So I’ve been a stay at home mum for 12 years. In that time we’ve moved house 6 times, had 4 more children, got married, had several bouts of pre and post natal depression (as well as several bouts of plain old bog standard depression), laughed, cried, screamed, ranted, raved and loved.
My husband has changed jobs a lot and had lot’s of new challenges and people in his life and the kids have had new adventures with nursery, schools and friends. Me? I’ve been a mum. I’ve cooked, I’ve cleaned, I’ve wiped bums, cleaned faces, done the laundry and been a wife. I’ve been a peace keeper, a shoulder to cry on and the fixer of all of the hurt feelings, bruised ego’s, grazed knees and bestie break ups.

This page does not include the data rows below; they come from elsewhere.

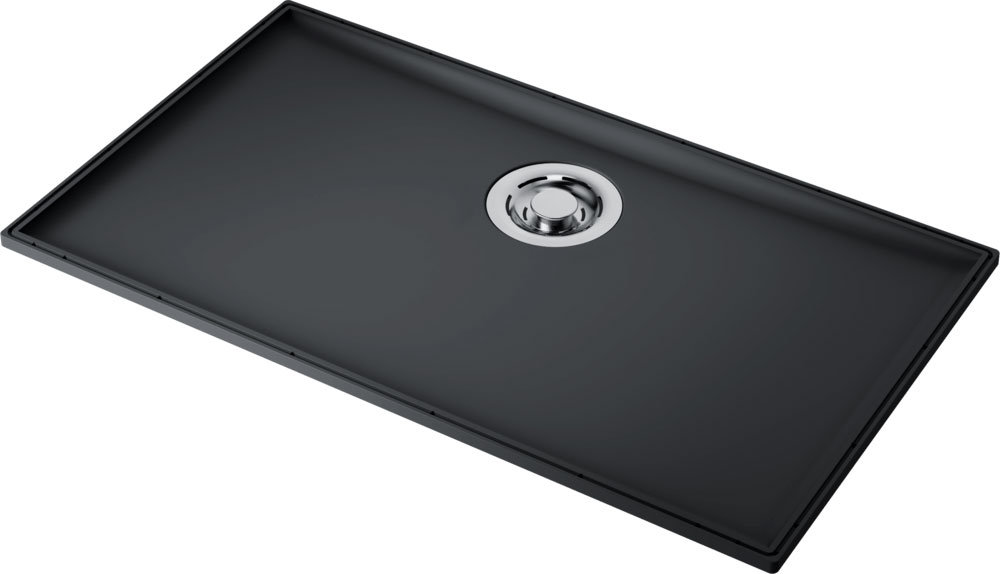 Кухонная мойка OMOIKIRI Kiten 70-INT GB (4997478) - ракурс 2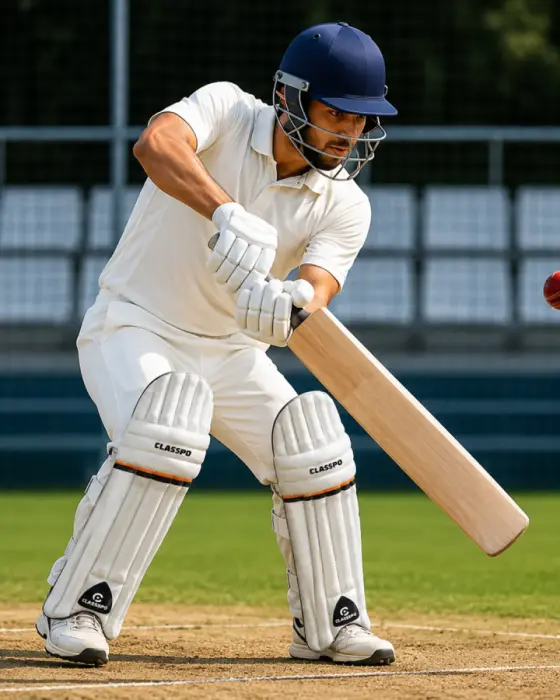 Cricket Protective Gear
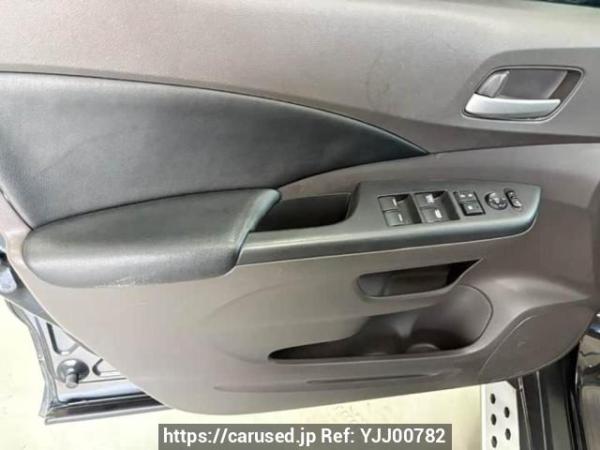 Used 2015 AT honda cr-v DHW6452R1ASE Image[14]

Granted I’ve found time to do some crafts I love like crochet and jewellery making but somewhere along the way I’ve lost who I am and to be perfectly honest I’m not sure how to find out again. I have likes. I like to read, I like to crochet, I like to colour in, I like to bake and I love to spend time with my family. Do these likes give me as much fulfillment in life as I’d like? I’d love to say I’m completely fulfilled just by being a mum and a wife but I can’t. I’m not sure what the next steps to take are in regards to finding myself but I’m sure I’ll be writing about them here regardless of how unexciting they might be!
I do love every minute of being a mum and I wouldn’t change any of it for the world but I’d just love to find out what else I could be you know? I want to know what my interests are aside from the walking dead and coffee!
How do you find time to ‘be you’, have you had to find yourself again buried under all the layers of being a mum and what that entails? I’d love to hear your stories of self exploration!